Databricks Community

georgemichael40 · a month ago

Hi,

We are migrating a local dash app to the Databricks infrastructure (using databricks apps and our delta lake).

The local app does the following (among others):

- takes Excel files form the end-user

- read in-memory and transforms to pandas dataframe

- Appends to a relevant table in sqlite, or updates rows if the unique id already exists. It uses sqlalchemy as support.

I have been trying to replace these tasks the Databricks way, but haven't been able to do it effectively, despite the overwhelming amount of options.

My idea was to stay as close to the local app design and get it working, so that I can in the longer term make it more "production-ready". My local app takes under a second to finish the job, whilst my new app is quite slow, even though the apps are mostly the same. What I have tried so far and ideas:

- Take excel file from user, and use databricks-sqlalchemy or databricks-sql-connector to write/update the data to a delta table, using a sql warehouse. For databricks-sql-connector I now am using the INSERT into option, and it's been working okayish so far (the tables I am working with are not the biggest). I identify new rows and these are all inserted. For updates, I DELETE the old rows (matching ID with new rows) and INSERT the new rows. This feels shaky, complex and it's quite slow overall.

- I am going to write the excel files to volumes, for data lineage and auditing purposes. I was thinking from there, I could use other tools, such as Spark. But not sure about it?

- We already use DBT with seeds in production. If all fails, I might have to take these tools into account, although it will take more time to finish the migration project.

saurabh18cs · a month ago

Hi @georgemichael40

My suggestion wud be to try using MERGE INTO for delta tables which works with connector then using delete/insert statements.

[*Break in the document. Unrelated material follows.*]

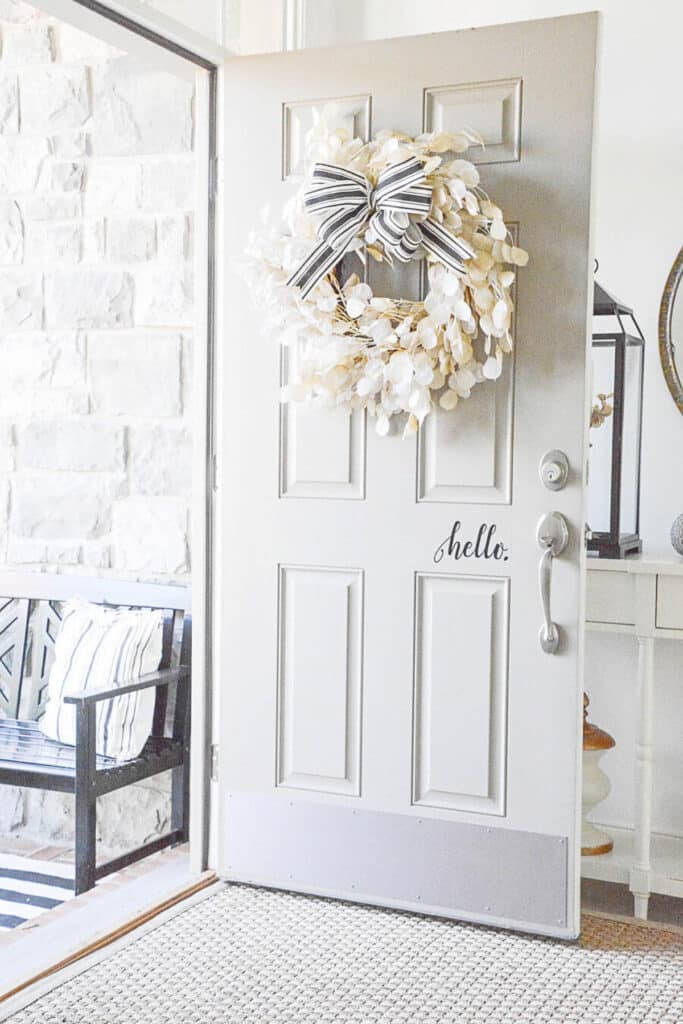 fall foyer ideas- fall front door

This will also keep your code in SQL as you wanted. your tables are not large so this shud be sufficient otherwise we need to consider spark/delta combination.

e.g.

merge_sql = f"""

MERGE INTO your_table AS target

USING (SELECT * FROM VALUES {values} AS t(id, col1, col2)) AS source

ON target.id = source.id

WHEN MATCHED THEN UPDATE SET col1 = source.col1, col2 = source.col2

WHEN NOT MATCHED THEN INSERT (id, col1, col2) VALUES (source.id, source.col1, source.col2)

"""